Who would have guessed what was lurking just under the surface of these famous heads?

The 887 Easter Island statues, called Moai, have dotted the Chilean Polynesian island since 1250 C.E.

At 82-tons, the tallest of them reaches an impressive 33-feet high.

A large grouping is located on the Rano Raraku quarry, but several hundred Maoi dot the island’s perimeter.

Part of the lasting historic impact of the statues is that by their sheer weight and size alone they have been unaffected by theft. But the extent of their enormity has only recently come to light to the public.

Archeologists have known since 1914 that some of the Moai had bodies, buried deep in the soil, anchoring in the peering heads.

According to Jo Anne Van Tilburg of the Easter Island Statue Project,

“There are about 150 statues buried up to the shoulders on the slope of a volcano, and these are the most famous, most beautiful and most photographed of all the Easter Island statues.

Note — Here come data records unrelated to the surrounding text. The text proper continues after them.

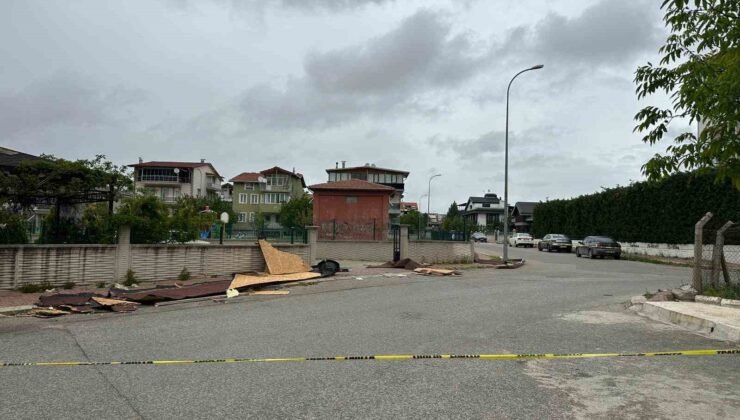 Uşak’ta kuvvetli fırtına hayatı olumsuz etkiledi
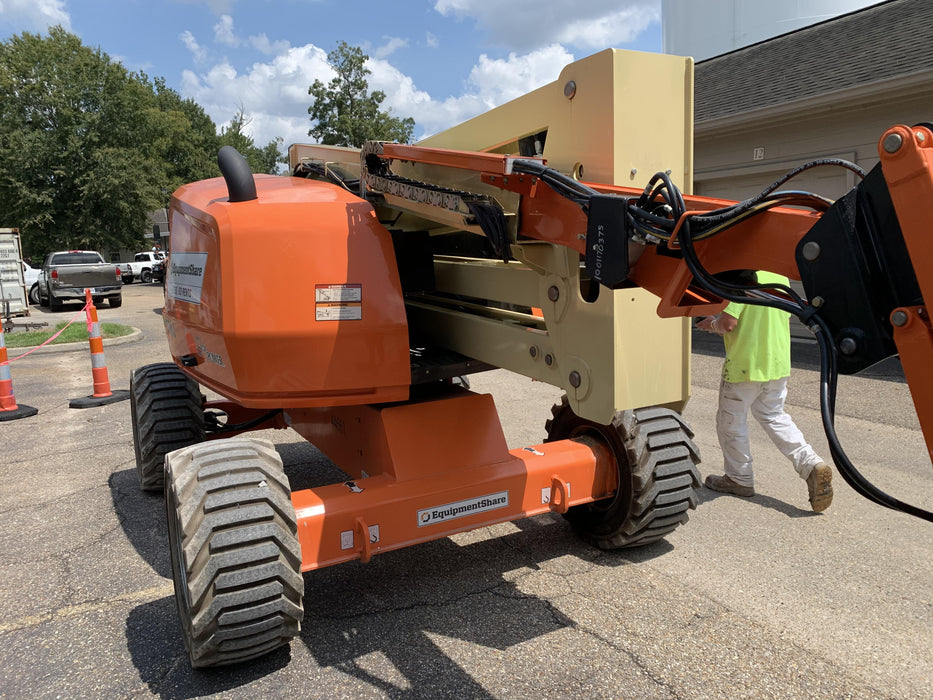 2019 JLG 450AJ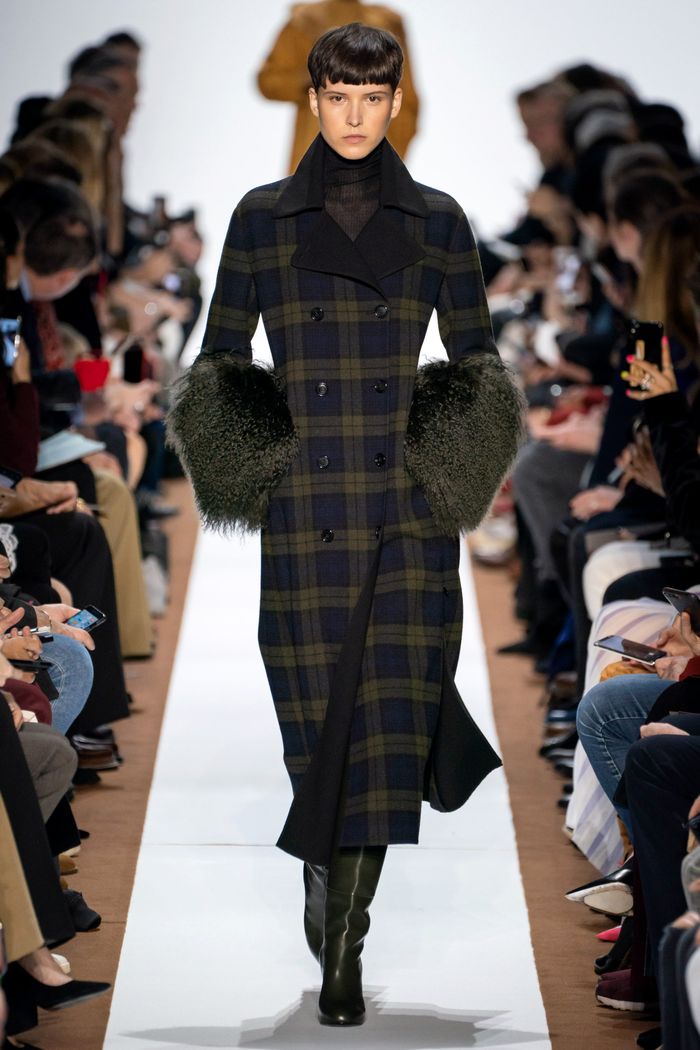 Модное пальто в клетку осень-зима 2019-2020 из коллекции Akris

This suggested to people who had not seen photos of (other unearthed statues) that they are heads only.”

Although the Easter Island Statue Project has been studying this area for more than a decade, this excavation is the first that is so easily accessible to the public.

With the uncovering of the bodies of the Moai heads, further petroglyphs have been unveiled, giving a greater backstory to the gigantic statues.

The Rapa Nui island was first visited by Dutch explorers on Easter of 1722. The leader of the expedition, Jacob Roggeveen, gave Rapa Nui its western name.